BEGIN AVAILABLE DATA
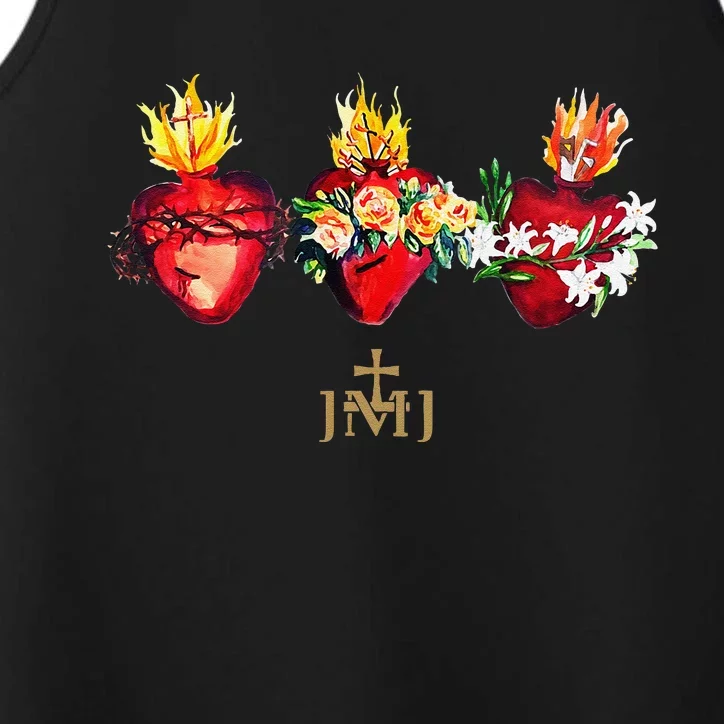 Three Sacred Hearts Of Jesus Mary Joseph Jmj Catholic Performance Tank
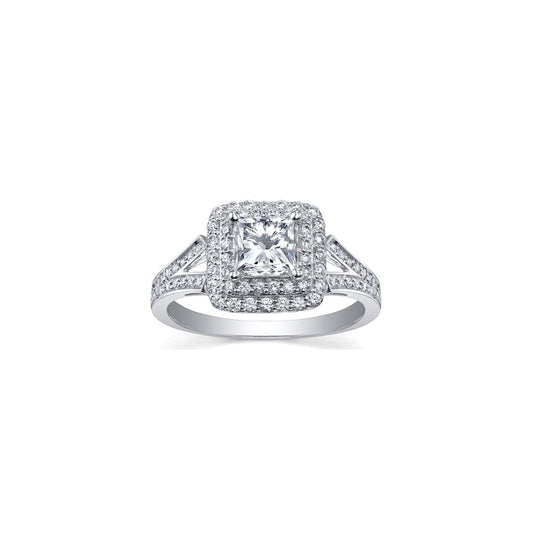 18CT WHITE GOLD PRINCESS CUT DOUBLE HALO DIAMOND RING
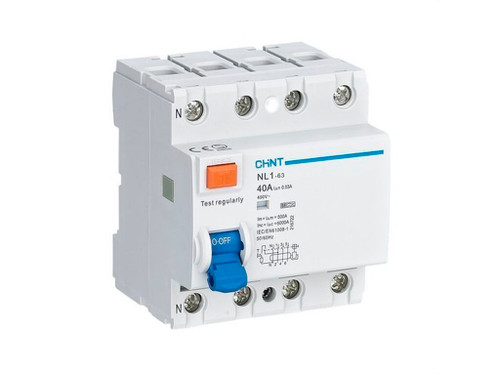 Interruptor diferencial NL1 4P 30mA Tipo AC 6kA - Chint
END AVAILABLE DATA
BEGIN AVAILABLE DATA
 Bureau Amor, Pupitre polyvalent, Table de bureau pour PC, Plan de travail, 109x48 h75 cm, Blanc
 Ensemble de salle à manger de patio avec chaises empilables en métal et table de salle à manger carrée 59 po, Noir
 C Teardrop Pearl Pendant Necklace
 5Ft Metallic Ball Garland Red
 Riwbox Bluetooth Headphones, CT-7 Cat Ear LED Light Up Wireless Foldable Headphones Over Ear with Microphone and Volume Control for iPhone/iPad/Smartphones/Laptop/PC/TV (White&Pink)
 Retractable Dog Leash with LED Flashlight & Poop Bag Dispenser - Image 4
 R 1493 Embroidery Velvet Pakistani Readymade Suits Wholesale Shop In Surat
END AVAILABLE DATA
BEGIN AVAILABLE DATA
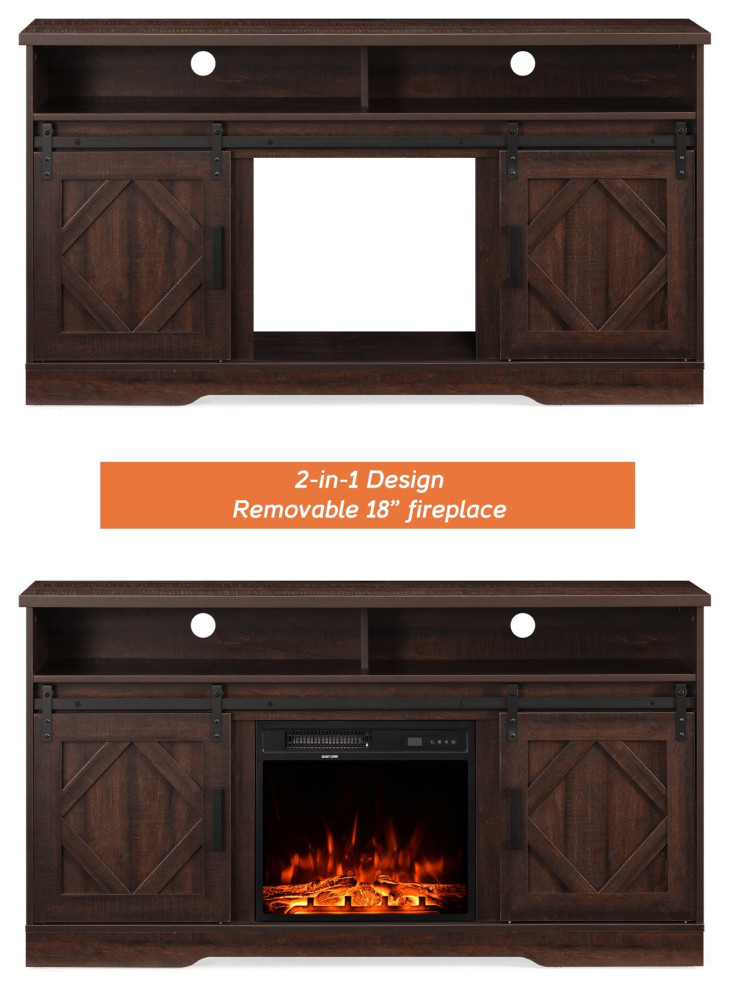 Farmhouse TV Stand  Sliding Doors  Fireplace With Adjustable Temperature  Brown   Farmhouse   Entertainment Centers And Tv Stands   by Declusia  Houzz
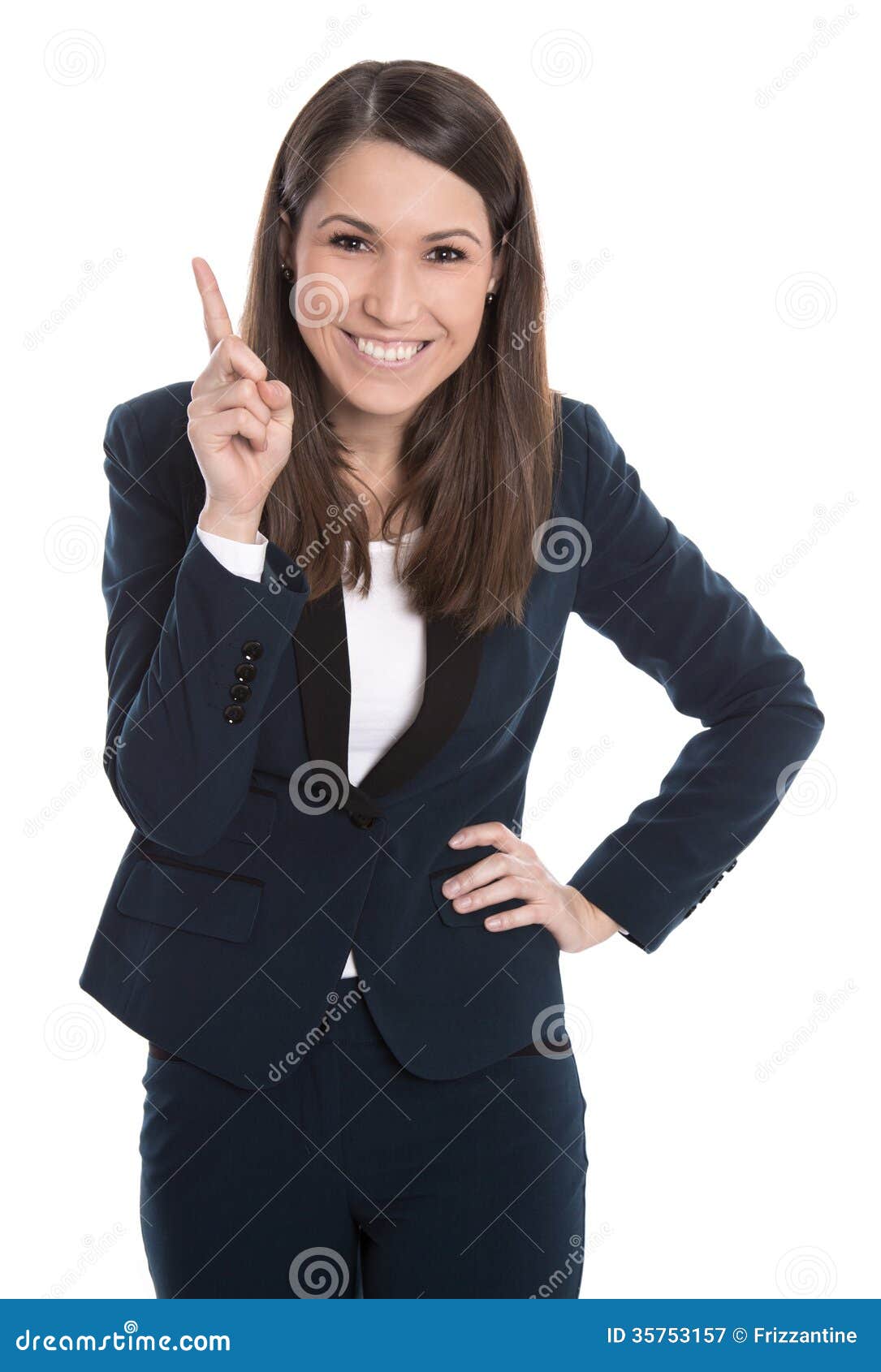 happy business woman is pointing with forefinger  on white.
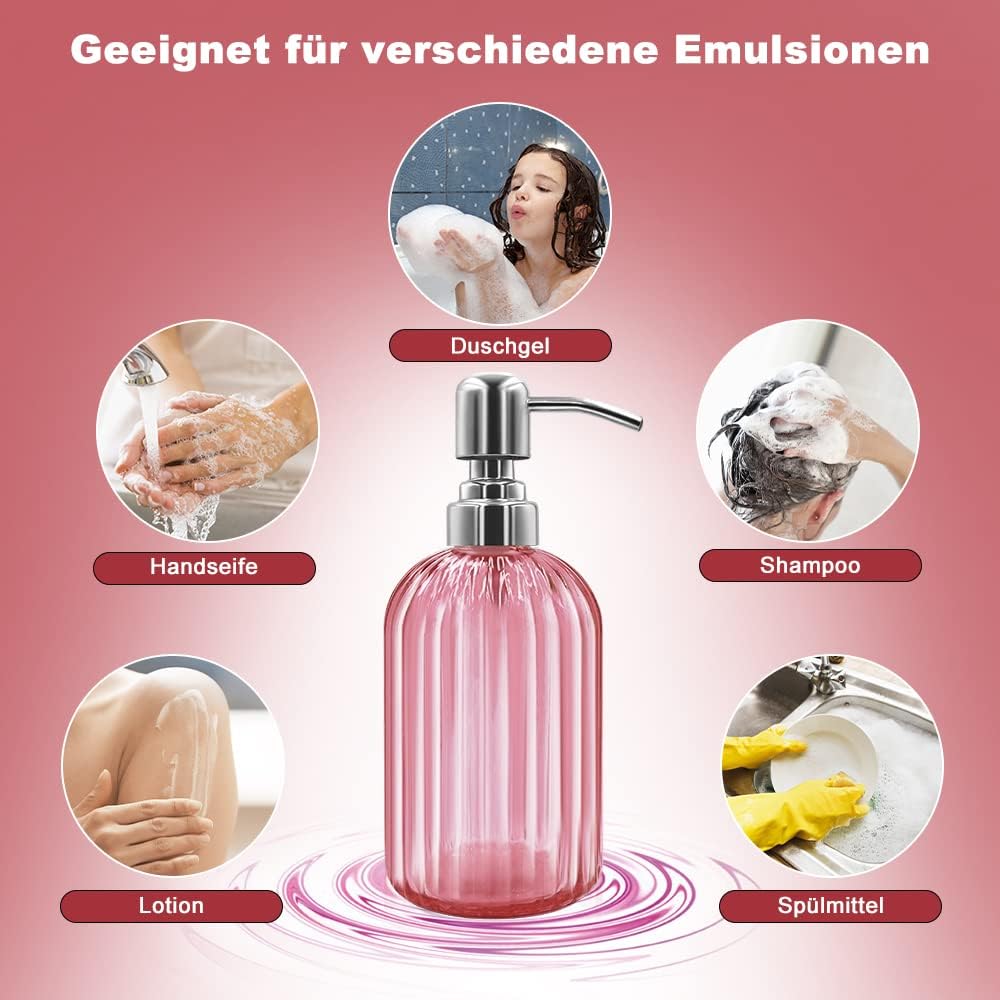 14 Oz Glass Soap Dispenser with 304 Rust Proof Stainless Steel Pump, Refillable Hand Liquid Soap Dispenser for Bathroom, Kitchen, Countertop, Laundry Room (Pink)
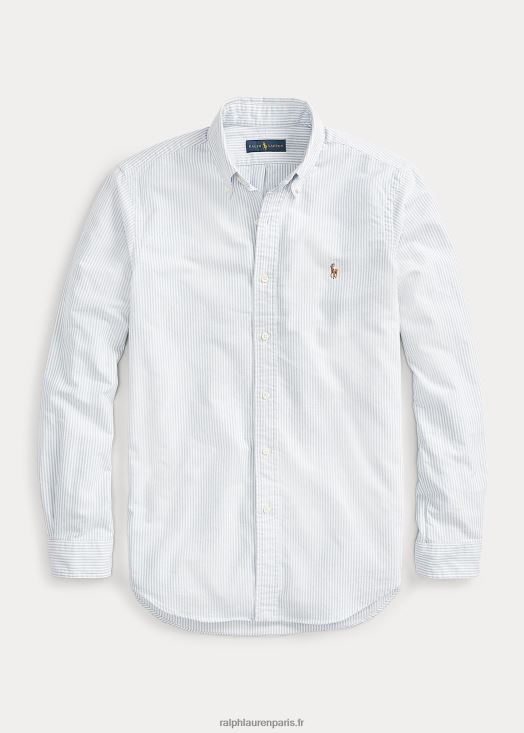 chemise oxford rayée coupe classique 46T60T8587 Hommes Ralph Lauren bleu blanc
END AVAILABLE DATA
YOUR TASK: Both the line containing "Three Sacred Hearts" and the line containing "Interruptor diferencial NL1" above belong in the output, as do the lines between them. Print them exactly, without pictures.

THE COMPLETED TASK:
 Three Sacred Hearts Of Jesus Mary Joseph Jmj Catholic Performance Tank
 18CT WHITE GOLD PRINCESS CUT DOUBLE HALO DIAMOND RING
 Interruptor diferencial NL1 4P 30mA Tipo AC 6kA - Chint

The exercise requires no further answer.